RECORDS TO USE »
========================================================================

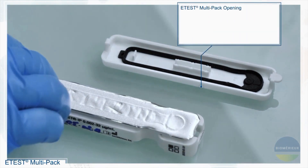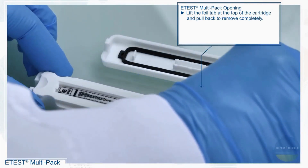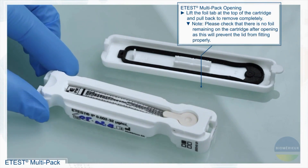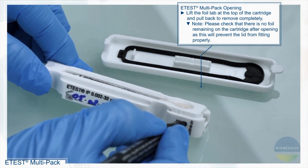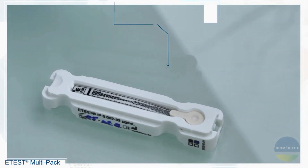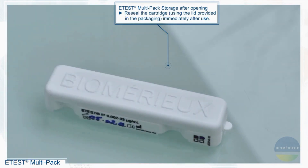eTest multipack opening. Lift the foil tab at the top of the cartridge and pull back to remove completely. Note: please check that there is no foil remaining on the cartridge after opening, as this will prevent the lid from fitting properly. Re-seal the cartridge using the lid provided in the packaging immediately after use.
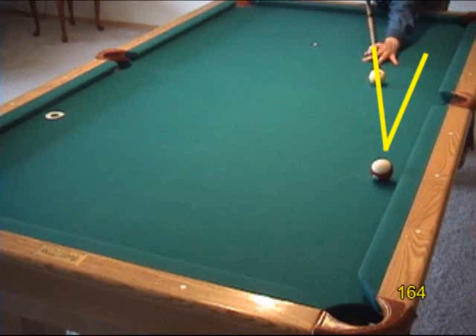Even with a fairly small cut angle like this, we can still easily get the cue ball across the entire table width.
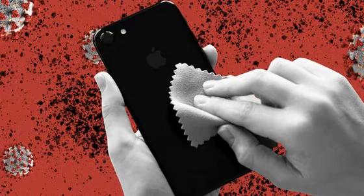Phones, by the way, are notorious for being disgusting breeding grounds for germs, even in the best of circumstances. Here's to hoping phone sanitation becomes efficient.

========================================================================

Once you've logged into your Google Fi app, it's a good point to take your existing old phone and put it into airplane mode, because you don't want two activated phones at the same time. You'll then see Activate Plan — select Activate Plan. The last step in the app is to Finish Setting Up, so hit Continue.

========================================================================

TASK DETAILS »
Above this task is a listing with pictures in it. Retype only the lines from the one containing "eTest multipack opening." through the one containing "Phones, by the", both included, and not the pictures.

EXPECTED OUTPUT »
eTest multipack opening. Lift the foil tab at the top of the cartridge and pull back to remove completely. Note: please check that there is no foil remaining on the cartridge after opening, as this will prevent the lid from fitting properly. Re-seal the cartridge using the lid provided in the packaging immediately after use.
Even with a fairly small cut angle like this, we can still easily get the cue ball across the entire table width.
Phones, by the way, are notorious for being disgusting breeding grounds for germs, even in the best of circumstances. Here's to hoping phone sanitation becomes efficient.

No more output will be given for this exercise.